__YOUR INSTRUCTIONS__:
Reproduce the listing below in full and exactly; no pictures belong in the copy.

__INFORMATION SHOWN__:
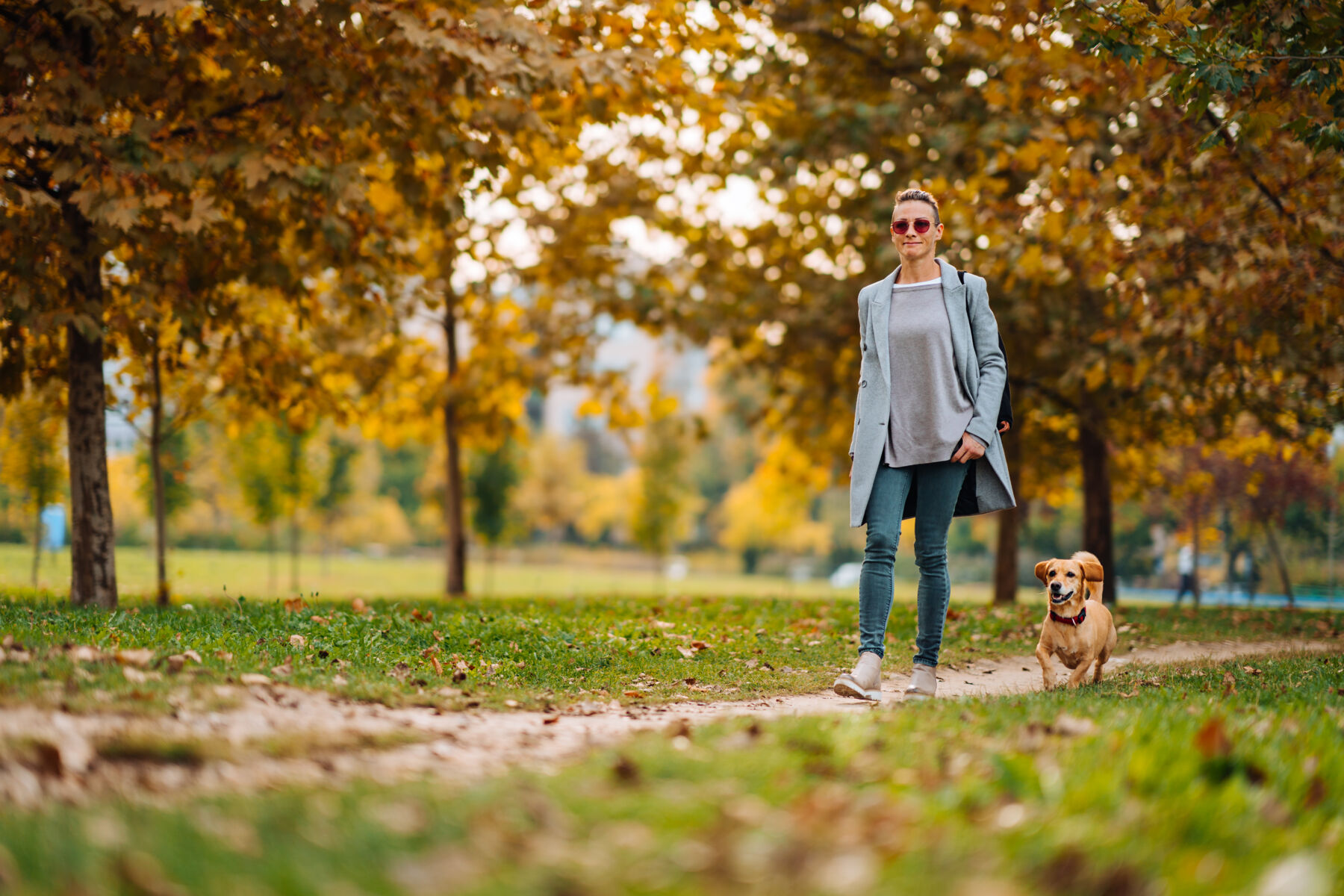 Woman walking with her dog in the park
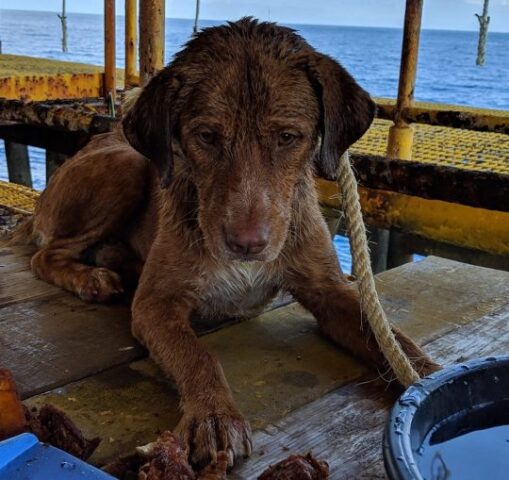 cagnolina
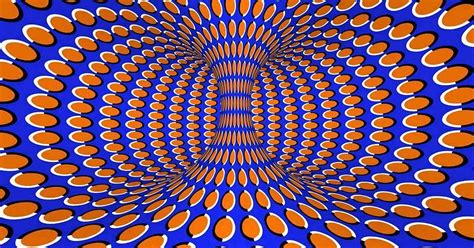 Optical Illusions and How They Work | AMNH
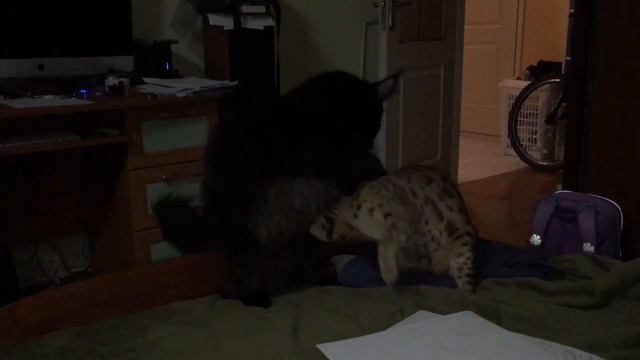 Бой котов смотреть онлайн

__SOLUTION__:
 Woman walking with her dog in the park
 cagnolina
 Optical Illusions and How They Work | AMNH
 Бой котов смотреть онлайн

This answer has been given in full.